> _REQUIRED ACTION_:
Please copy each line below that contains the string "đúng".

[Short web captions]
- - -
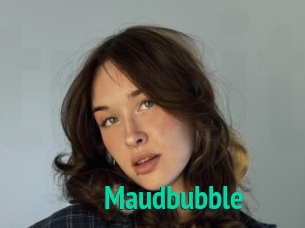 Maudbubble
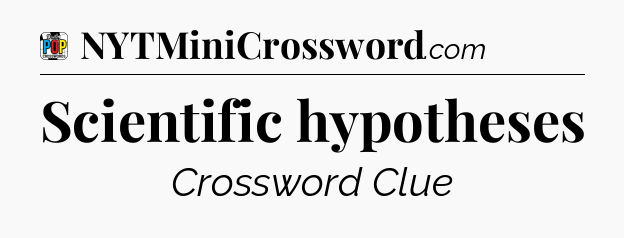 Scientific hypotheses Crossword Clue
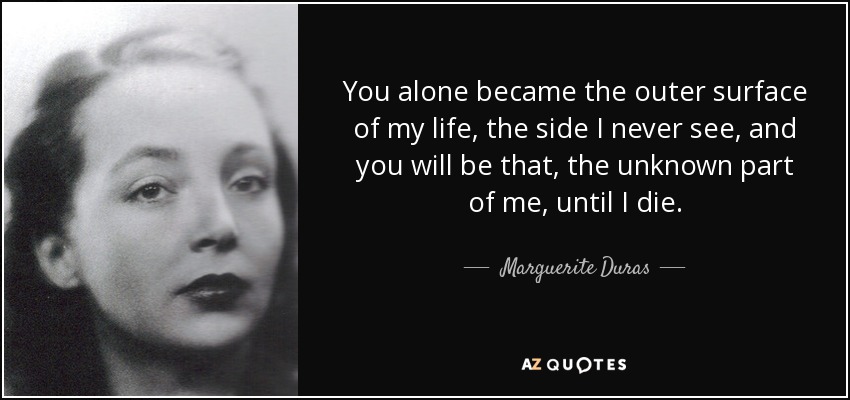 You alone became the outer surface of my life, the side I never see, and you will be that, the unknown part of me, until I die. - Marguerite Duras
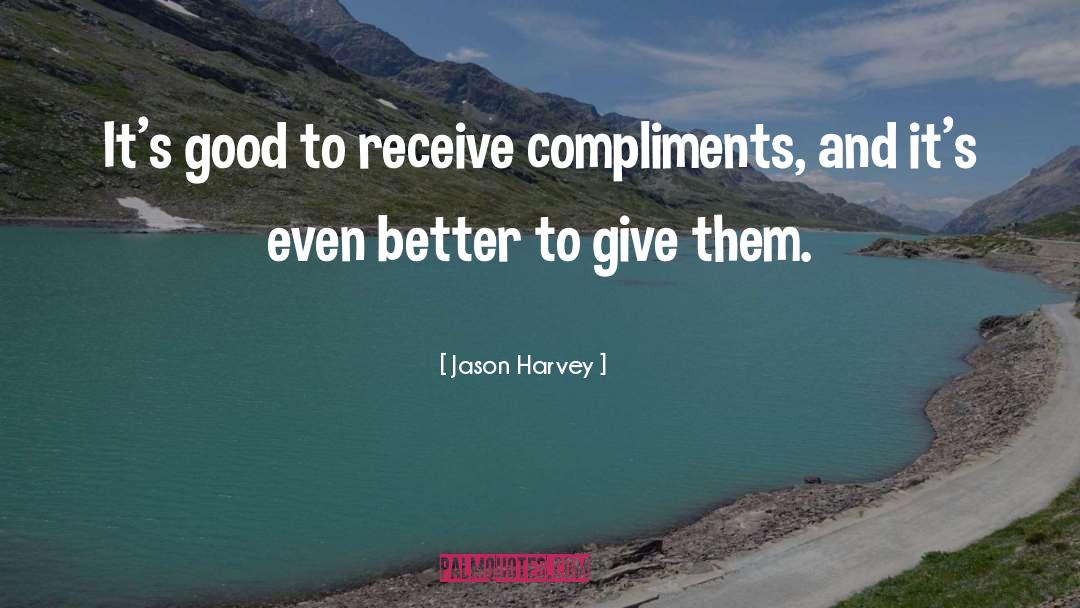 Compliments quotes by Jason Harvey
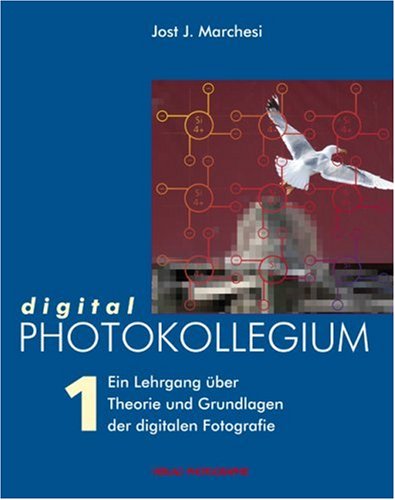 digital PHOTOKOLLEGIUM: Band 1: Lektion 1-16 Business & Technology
- - -
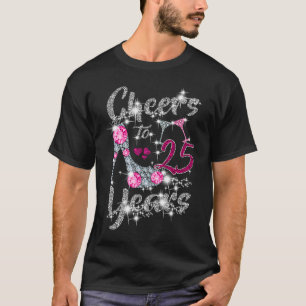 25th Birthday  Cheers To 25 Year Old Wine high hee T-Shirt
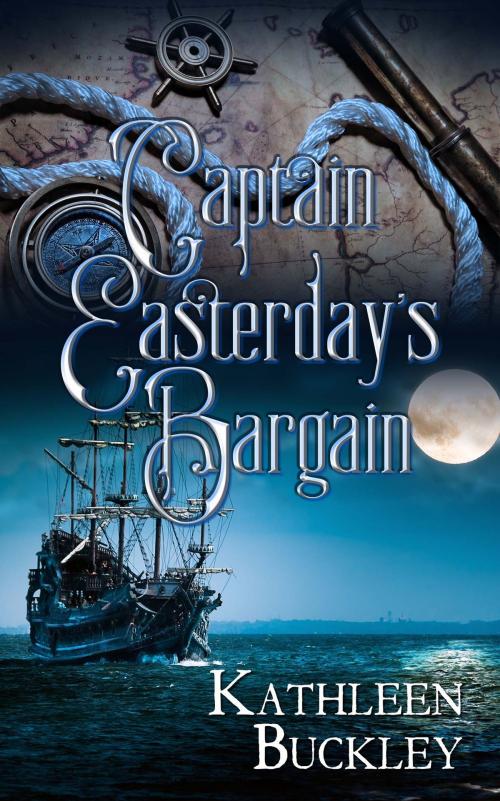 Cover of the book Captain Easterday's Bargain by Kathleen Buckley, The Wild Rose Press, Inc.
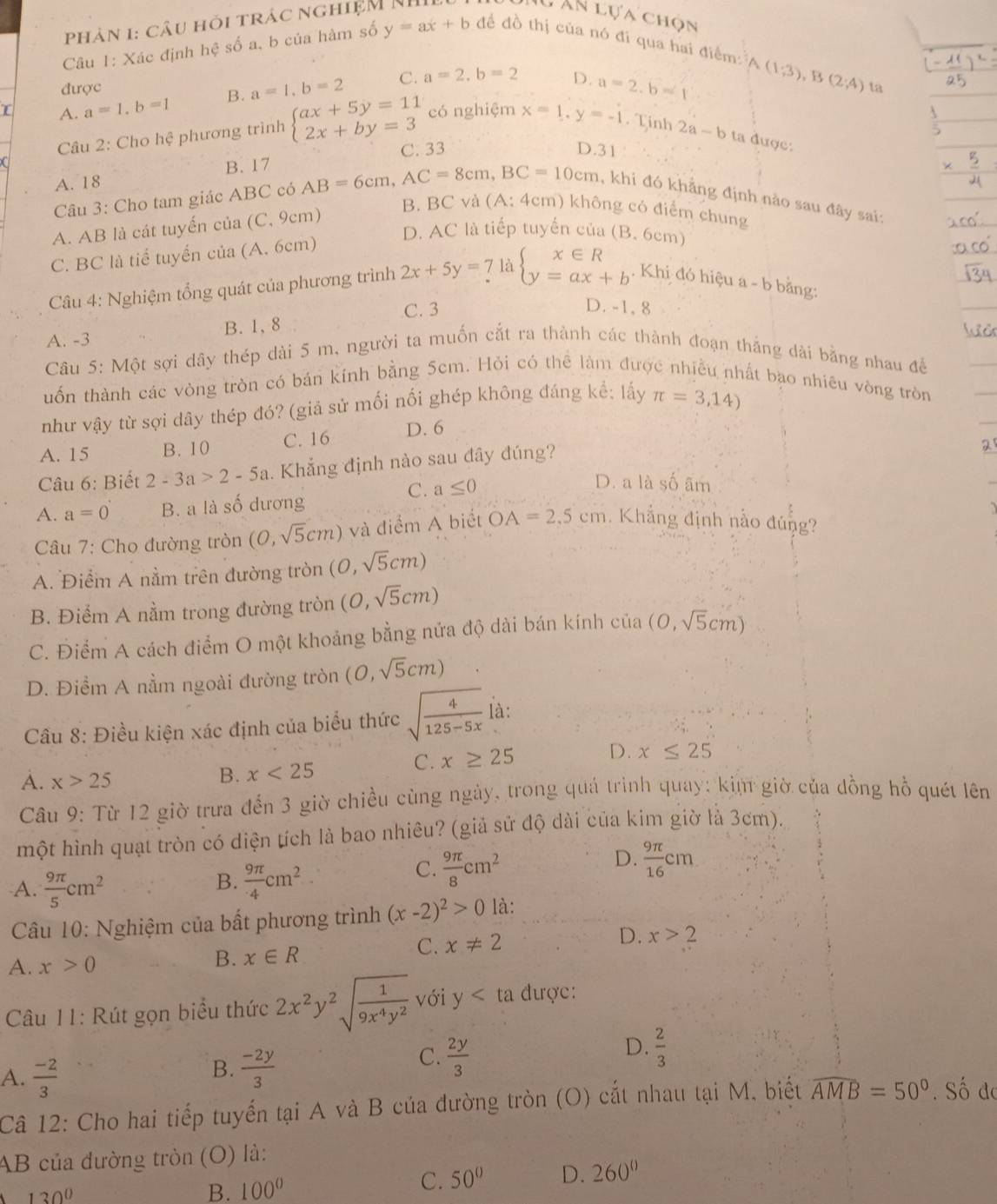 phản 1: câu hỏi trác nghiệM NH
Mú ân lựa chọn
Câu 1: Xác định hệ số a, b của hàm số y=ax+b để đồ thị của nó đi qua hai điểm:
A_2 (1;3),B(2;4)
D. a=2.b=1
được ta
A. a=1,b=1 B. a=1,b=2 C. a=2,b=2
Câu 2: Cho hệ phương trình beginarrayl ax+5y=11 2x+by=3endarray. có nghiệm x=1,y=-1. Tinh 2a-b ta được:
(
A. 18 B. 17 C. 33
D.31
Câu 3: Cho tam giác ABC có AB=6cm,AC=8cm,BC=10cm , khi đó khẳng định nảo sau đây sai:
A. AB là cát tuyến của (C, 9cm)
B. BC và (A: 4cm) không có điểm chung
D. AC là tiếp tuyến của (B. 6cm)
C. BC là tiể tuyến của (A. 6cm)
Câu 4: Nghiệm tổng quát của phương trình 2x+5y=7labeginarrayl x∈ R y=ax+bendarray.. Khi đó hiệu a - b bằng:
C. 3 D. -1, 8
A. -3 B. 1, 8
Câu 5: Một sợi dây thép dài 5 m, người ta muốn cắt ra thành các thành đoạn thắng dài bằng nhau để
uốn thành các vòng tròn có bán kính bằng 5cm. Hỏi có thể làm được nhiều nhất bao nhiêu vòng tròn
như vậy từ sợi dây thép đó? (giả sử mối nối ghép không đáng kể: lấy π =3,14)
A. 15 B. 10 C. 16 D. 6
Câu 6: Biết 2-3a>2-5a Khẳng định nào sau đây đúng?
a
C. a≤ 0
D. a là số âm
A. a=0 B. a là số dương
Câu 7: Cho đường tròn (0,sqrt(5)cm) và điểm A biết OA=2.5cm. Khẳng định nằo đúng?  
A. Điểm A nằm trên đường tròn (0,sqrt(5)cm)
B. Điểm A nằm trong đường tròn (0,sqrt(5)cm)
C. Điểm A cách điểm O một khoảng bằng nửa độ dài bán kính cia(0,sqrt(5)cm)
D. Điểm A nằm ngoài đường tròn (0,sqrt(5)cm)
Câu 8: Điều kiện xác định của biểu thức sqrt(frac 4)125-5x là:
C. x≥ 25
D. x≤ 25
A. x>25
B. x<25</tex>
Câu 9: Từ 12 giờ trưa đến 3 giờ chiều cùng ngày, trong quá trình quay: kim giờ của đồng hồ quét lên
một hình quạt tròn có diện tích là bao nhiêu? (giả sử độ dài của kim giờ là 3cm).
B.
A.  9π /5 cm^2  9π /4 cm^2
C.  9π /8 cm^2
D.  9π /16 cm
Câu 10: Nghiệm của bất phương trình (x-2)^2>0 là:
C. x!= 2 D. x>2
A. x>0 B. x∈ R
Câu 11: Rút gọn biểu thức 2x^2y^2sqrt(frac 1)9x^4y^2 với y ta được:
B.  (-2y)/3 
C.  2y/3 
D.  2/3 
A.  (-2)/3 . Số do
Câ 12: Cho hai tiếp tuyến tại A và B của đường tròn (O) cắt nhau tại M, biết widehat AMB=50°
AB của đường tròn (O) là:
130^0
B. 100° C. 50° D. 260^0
- - -
> _TASK RESULT_:
Câu 6: Biết 2-3a>2-5a Khẳng định nào sau đây đúng?
Câu 7: Cho đường tròn (0,sqrt(5)cm) và điểm A biết OA=2.5cm. Khẳng định nằo đúng?  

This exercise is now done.